Entering through a small porch, you’ll find an equally simple but pleasing rectangular room, with wooden floor, cream walls and modern dark brown wallpaper on two sections, and a series of tables for two (easily put together for larger groups) set up with cream runners and napkins, no-nonsense but good quality cutlery and glasses, and a small dish of olives; with a semi-open kitchen at the rear, quiet music and a casual but prompt and friendly reception from the all-French staff, it conveys a business-like yet pleasantly welcoming ambience which bodes well for a good meal.
And you should not be disappointed: water is served promptly, along with good bread and chervil butter to munch while you make the difficult choices from a set Chef’s Menu (choice of three on each course, changed weekly), blackboard specials, or an à la carte offering all sorts of delectable dishes including starters like duck confit, Dublin bay prawns, goats cheese tart, and snails in garlic butter, and mains such as Dublin Bay prawns, baked cod with parmesan crust, pan-fried scallops, rack of lamb, and corn-fed chicken.
An amuse-bouche (hot potato and chorizo, perhaps) gets the evening off to a good start, swiftly followed by excellent starters such as smoked haddock and potato gratin with poached egg or battered crab with pineapple, chilli & coriander salsa – and then the nice surprise of an extra ‘between’ course (a refreshing shot glass of iced apple juice, pineapple and peach snaps maybe) before perfectly cooked main courses such as fillet of John Dory with chive and lemon butter sauce or rack of lamb with confit garlic cream, served with a choice of potatoes and a shared dish of seasonal vegetables.

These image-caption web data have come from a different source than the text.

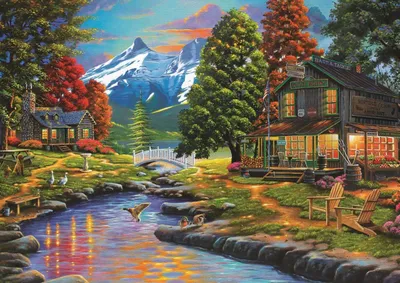 Zdjęcie produktu dla ART PUZZLE Puzzle Dwie ławki 2000 elementów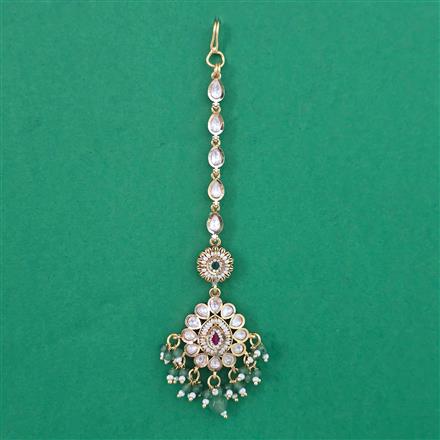 Antique Pearl Tikka with Matte Gold Plating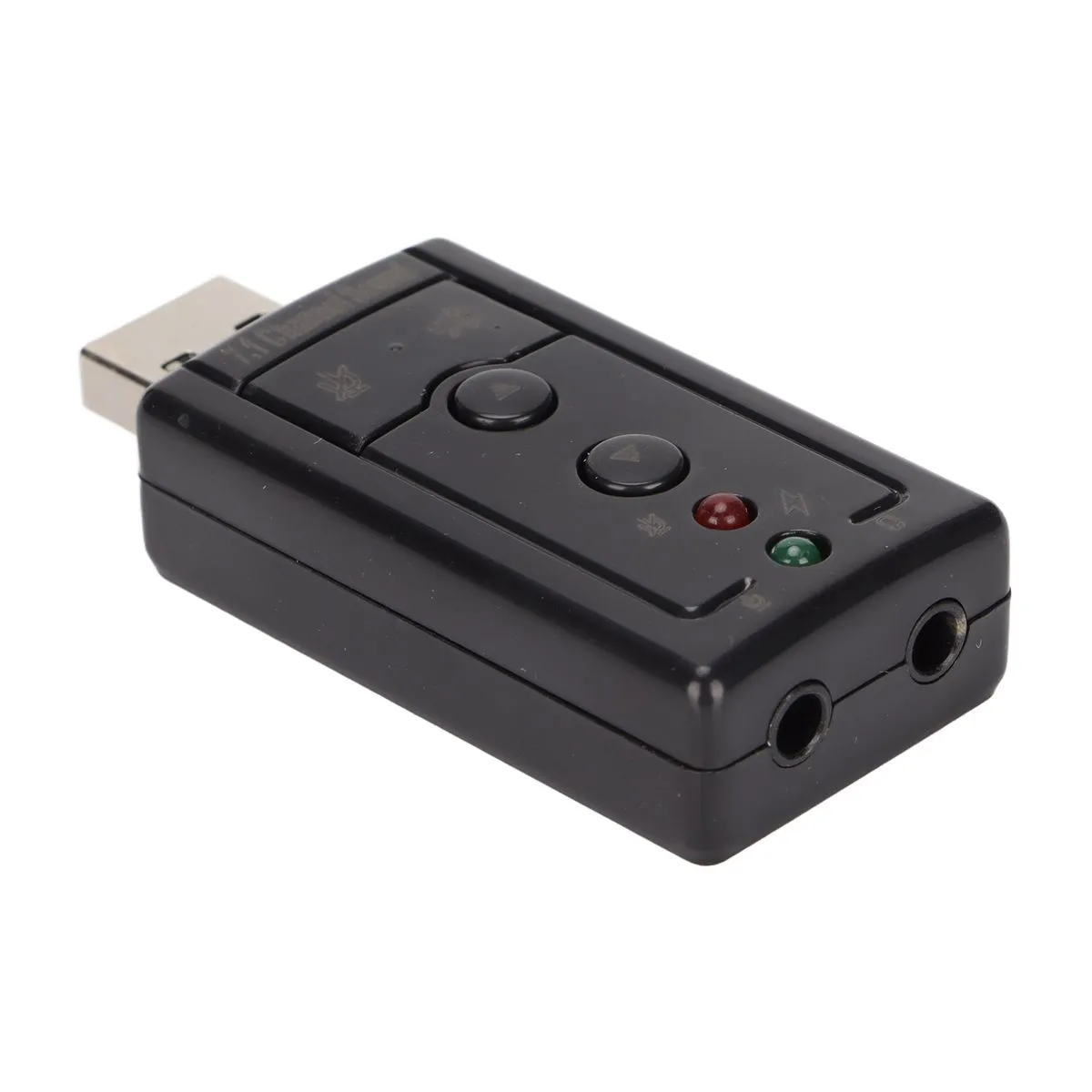 7.1 Channel Virtual Sound Card with Internal Amplifier & Volume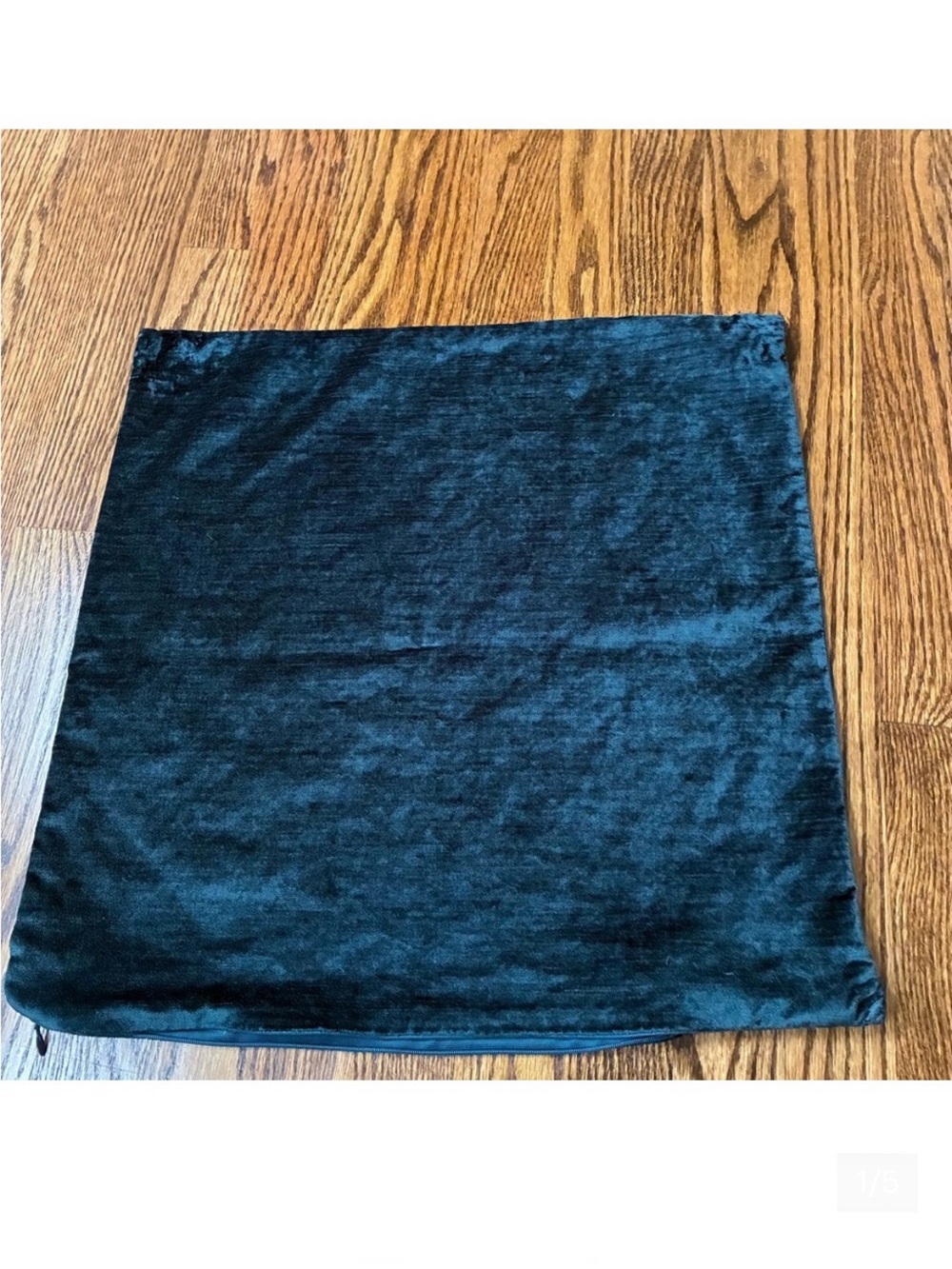 West Elm Teal Velvet Pillow Cover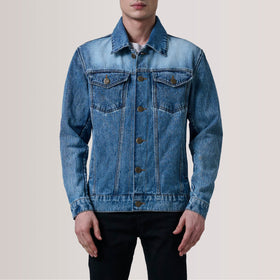 Conard Ice Blue Denim Trucker Jacket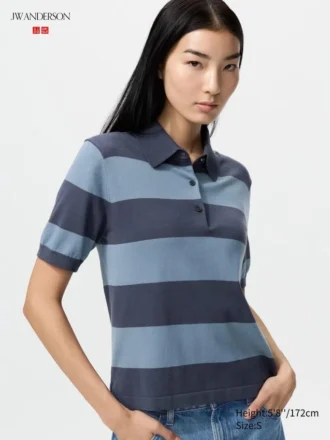 Damespoloshirts met korte mouwen | Gestreepte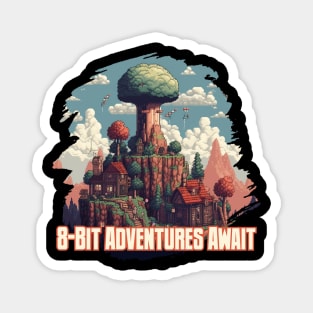 8-Bit Adventures Await Magnet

Finish perhaps with a perfectly cooked crème brulée or warm pancake with praline cream – and round off a lovely meal with a well-made espresso.
Simply garnished and presented on rectangular white plates, every dish is appealing and there is attention to detail in the cooking as well as the excellent raw ingredients used (meat suppliers noted on menu). The additional small touches such as the amuse-bouche and shot glass of juice, set it apart from anything else in the area, the fish cooking is excellent and it is refreshing to find such good vegetables.
The wine list is predominately French and, although little information is given on producers, small vineyards are used and it is reasonably priced.